The main areas where C++ is dominant are: gaming, financial software, especially automated trading systems and systems engineering where some of de codebase is C and the rest is C++.

There's also a strong C++ foundation for everything AI. Take trainers for example: the Interface is Python but the actual layers are implemented in C++ for performance reasons. C++ is also fundamental to inference, you need speed when processing those networks, both small and big.

13

u/PoePlayerbf 10h ago

You forgot databases, 3D modeling software, operating systems, web browsers rendering engine. Machine learning frameworks Tensorflow, Pytorch.
OpenCV.

Crypto blockchains are also written in C++.

The list goes on and on.

8

u/aboardreading 11h ago

For C++, I would say in approx order of industry size and ease of getting in there's:

• ⁠Finance
• ⁠Defense
• ⁠Embedded, IOT, robotics, automotive, basically things that require sensor integration and touch the real world
• ⁠Software infrastructure (building databases, OSes, browser engines etc. Probably a high skill floor for this industry.)
• ⁠Games
• ⁠High performance computing (scientific applications, modeling, things like that.)

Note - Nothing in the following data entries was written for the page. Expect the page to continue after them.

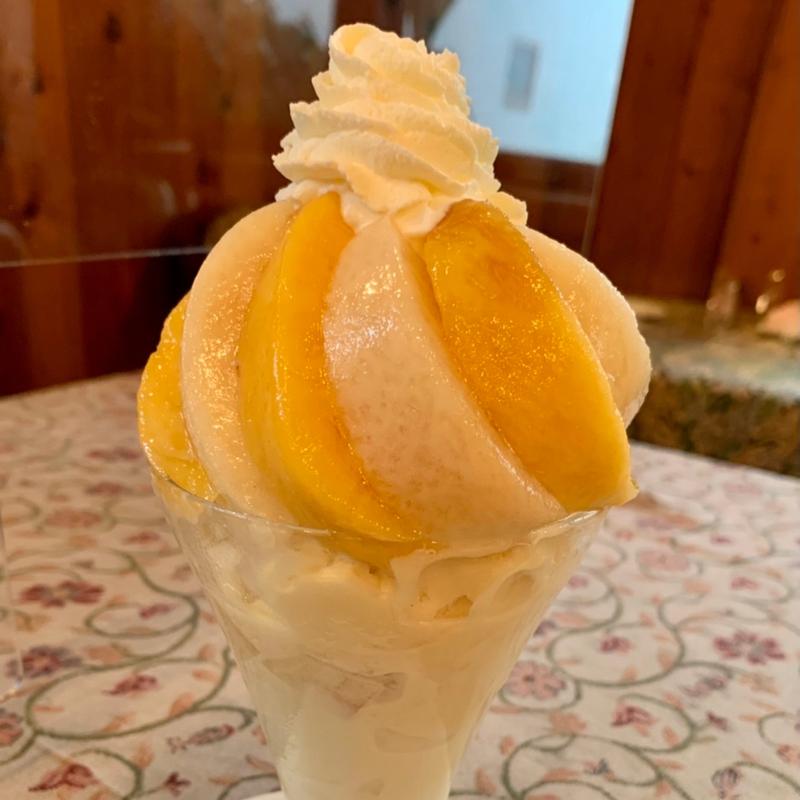 黄桃と桃のミックスパフェ(カフェテラス シャンドール)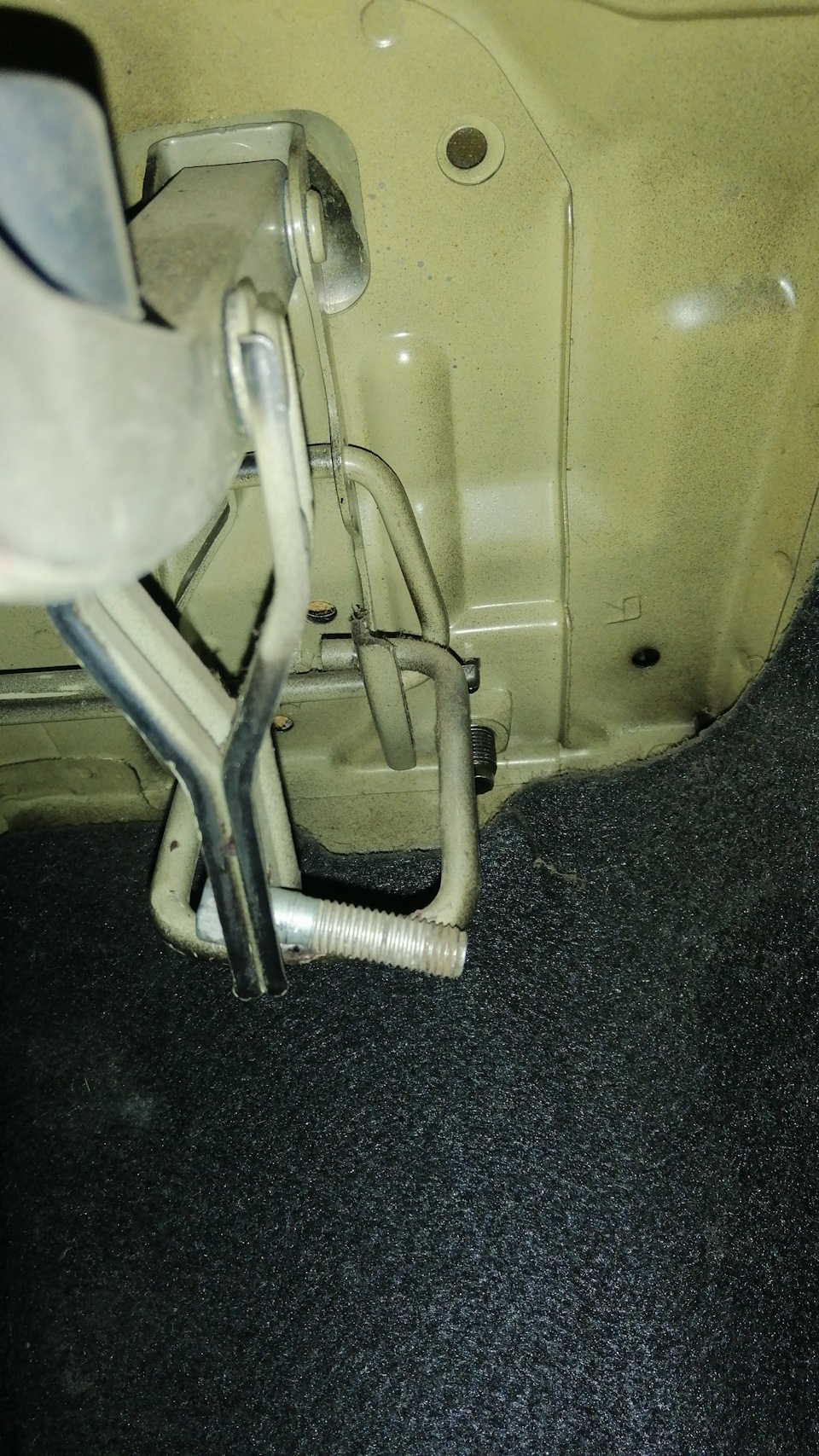 A2518001448. крепление крышки багажника на киа спектра. автоматическое открывание багажника гольф 4. крепления крышки багажника 2006. подъем крышки багажника.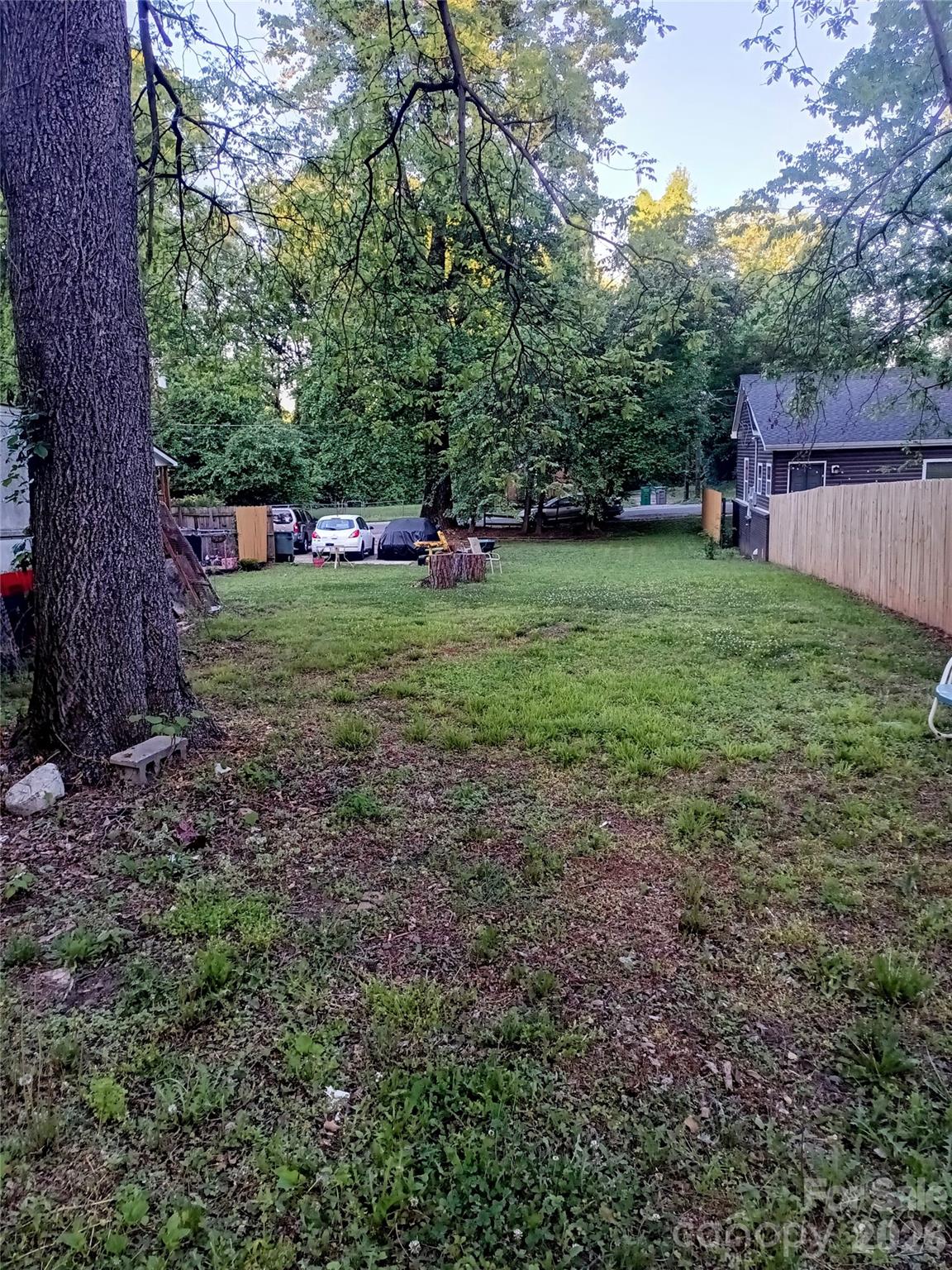 2307 Kennesaw Dr, Charlotte, NC 28216. property listing photo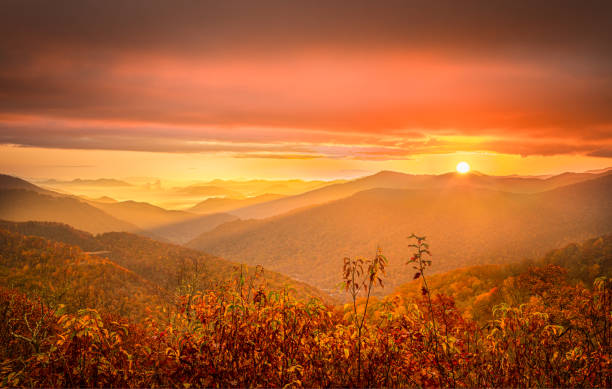 istock Sun Peaking Over The Mountains Over Maggie Valley 1285311496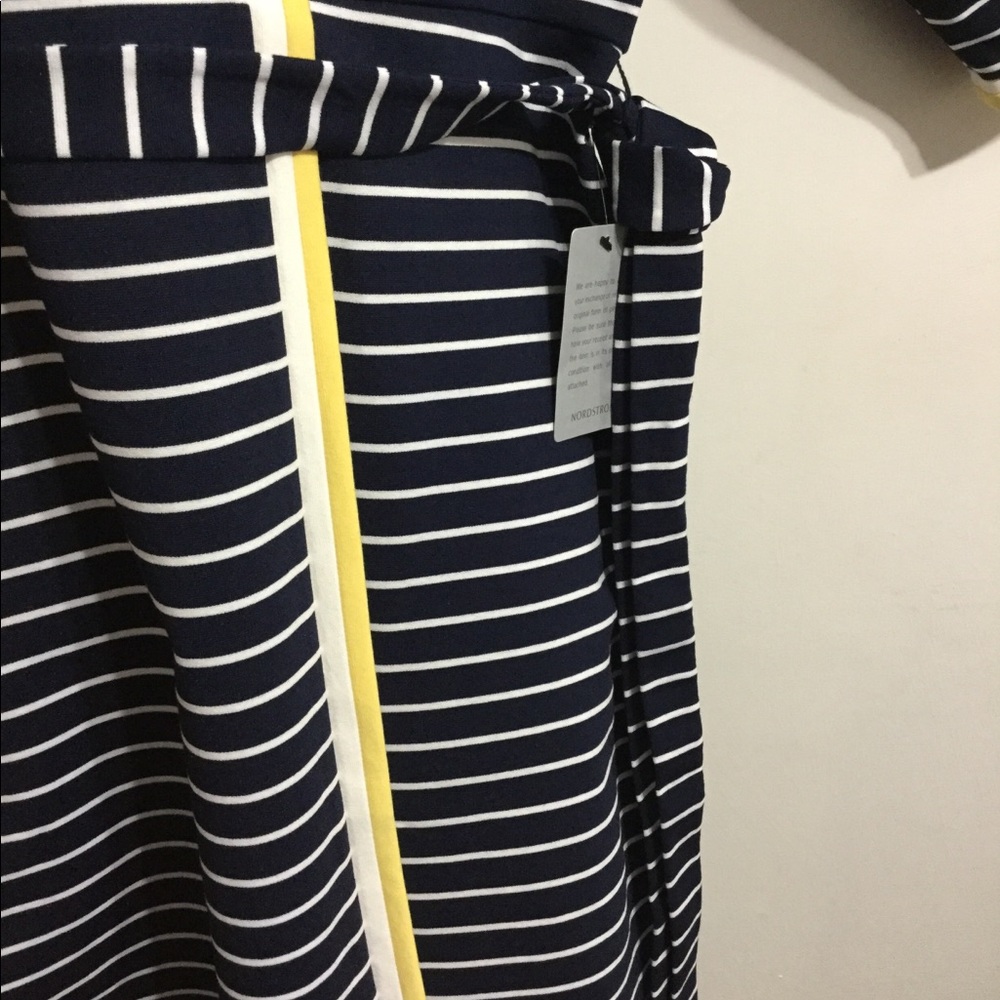 Striped Wrapped Dress - Picture 4 of 5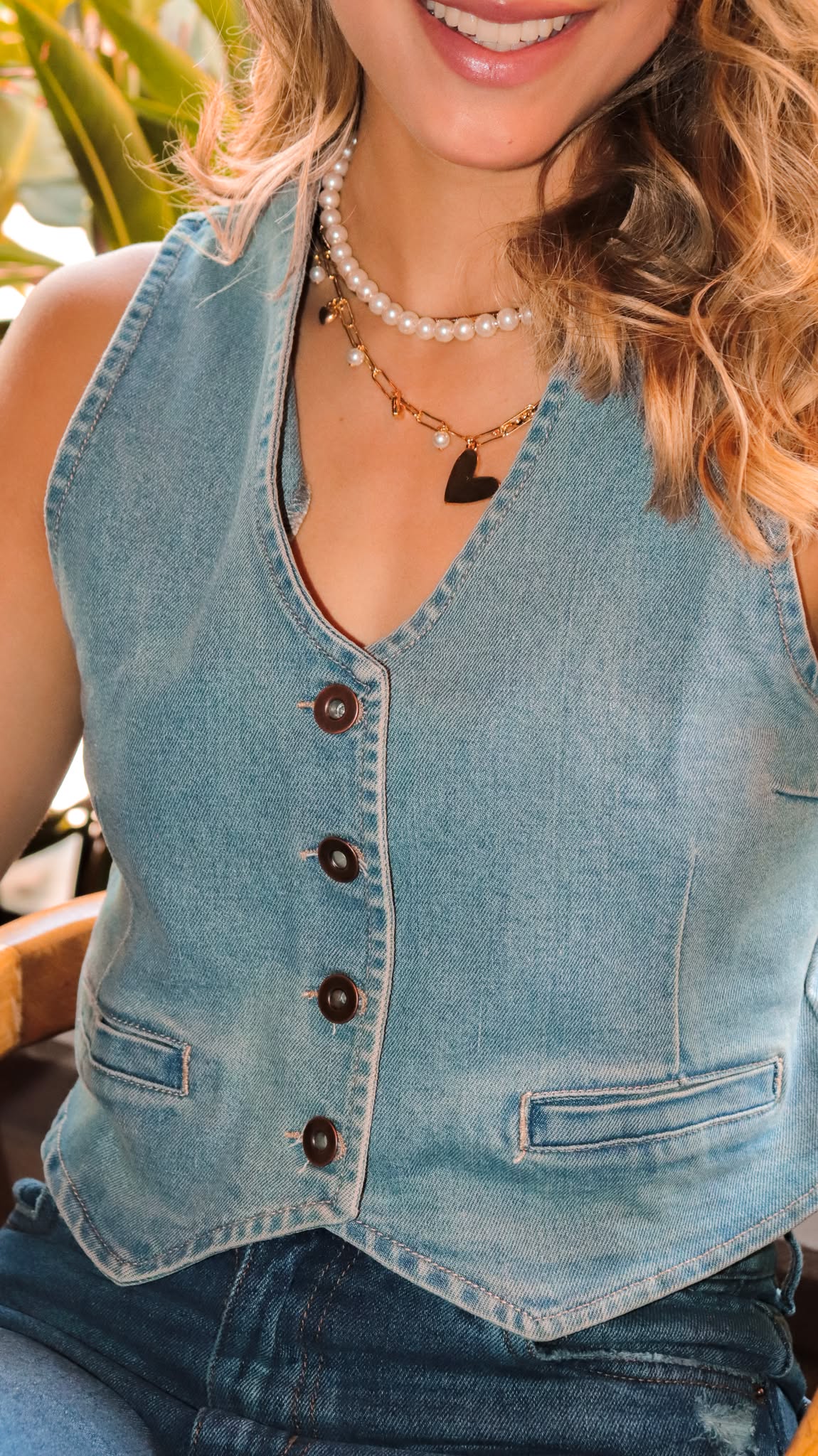 Detalle del chaleco denim DISÍ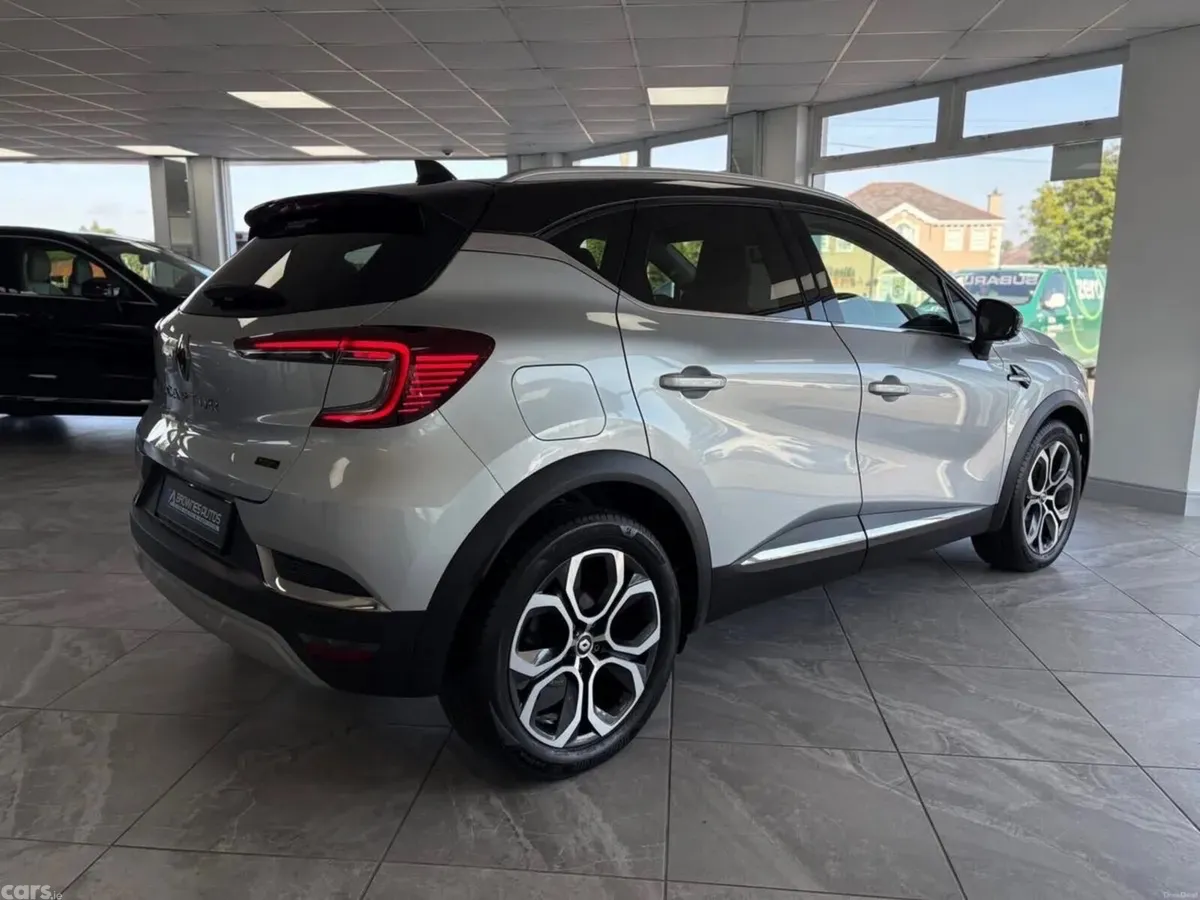 Renault Captur SUV, Petrol Hybrid, 2023, Silver
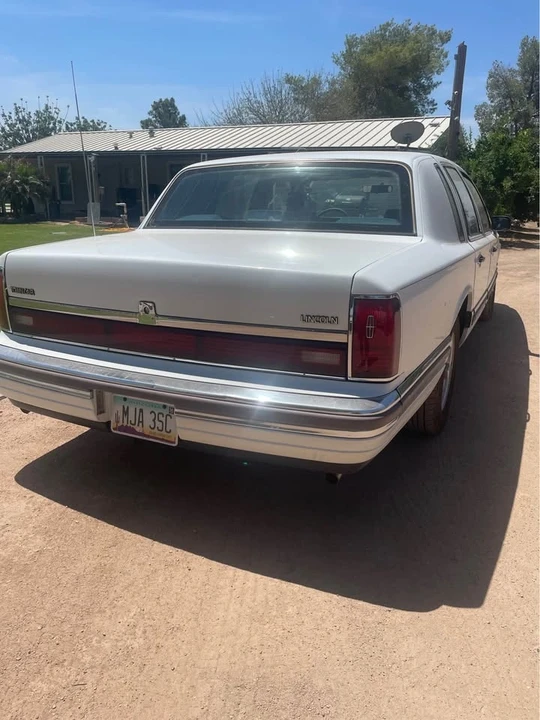 1990 Lincoln Town Car - Image 3 of 8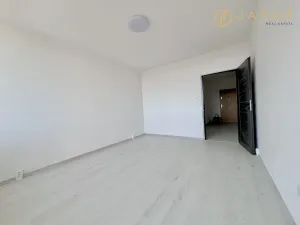 Pronájem bytu 2+1, Chomutov, Bezručova, 53 m2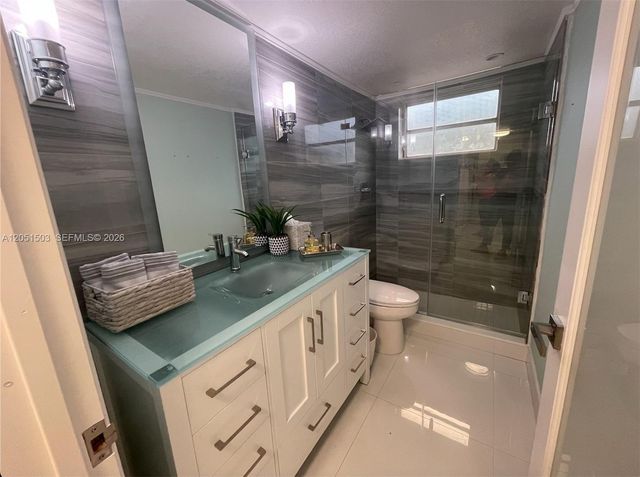 335 Collins Ave 203, Miami Beach, FL 33139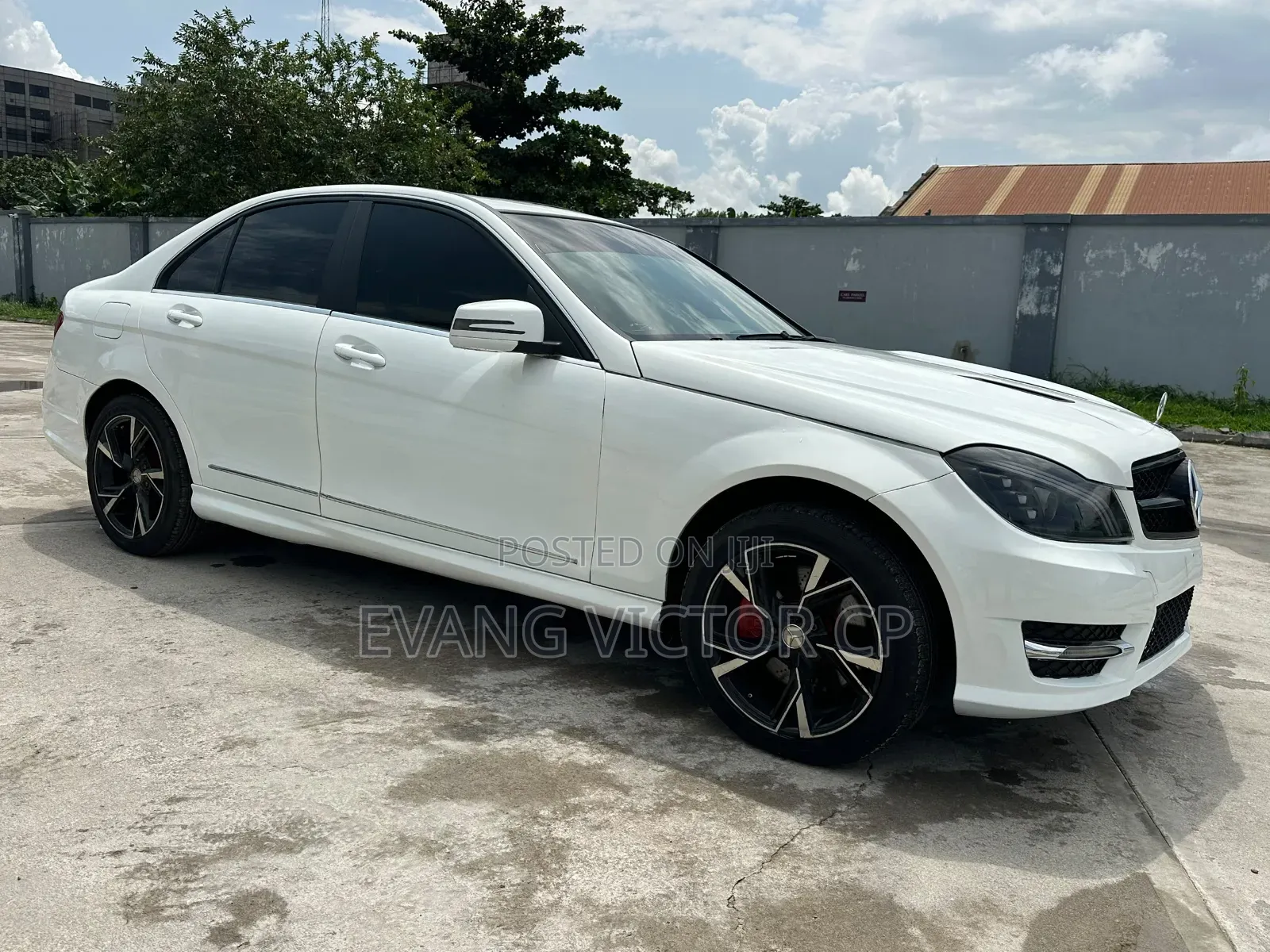 Mercedes-Benz C300 Sport 4Matic Sedan AWD (3.0L 6cyl 7A) 2010 White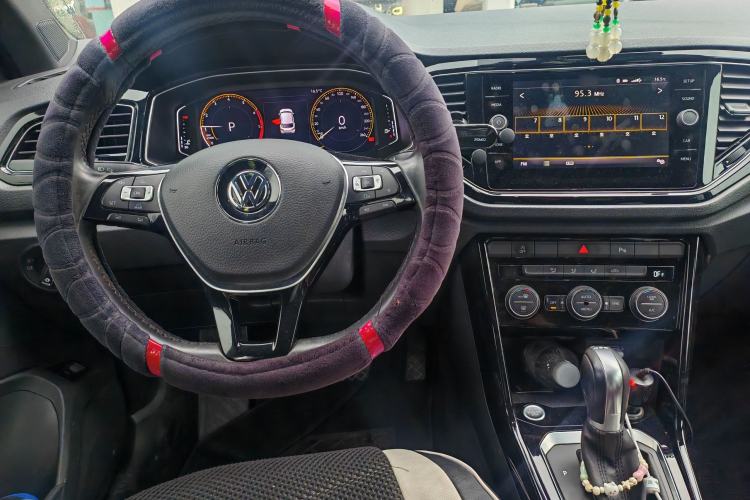 Used Volkswagen T-ROC 2018 280TSI DSG Two-Wheel-Drive Luxury Version China V Emission Standard Steering Wheel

Ime finance hiring is quite strong right now, although I don't really know the entry level market or where you are. Look at trading firms and hedge funds if you can solve some hard leetcodes and quite reliably solve mediums in interview environment, they pay well and are always thirsty for talent. Look at banks or exchanges if you're not as confident in your skills/aren't getting interviews at the trading firms. This is also great if you're not US based, as while there are hotspots for the premium stuff, they are global and also the less premium stuff is very regionally distributed.

Good luck and I can probably provide more info if you have specific questions about finance swe!

1

u/Inmokou 3h ago

Are you talking about Capital Markets swe roles? Isn't the barrier of entry pretty high?

5

u/publicclassobject 8h ago

Yes but also pick up Rust.

1

u/kkingsbe 46m ago

Yeah reading through these replies was pretty eye opening. I would not use c++ for embedded nowadays if it’s up to me. Embedded rust is SO MUCH better

3

u/Fragrant-Airport1309 2h ago

Brother ALL the cool stuff is in C++. Fighter jets, video games and robots. Pushing software and machinery to the limits with optimal performance. How can you get any cooler than that.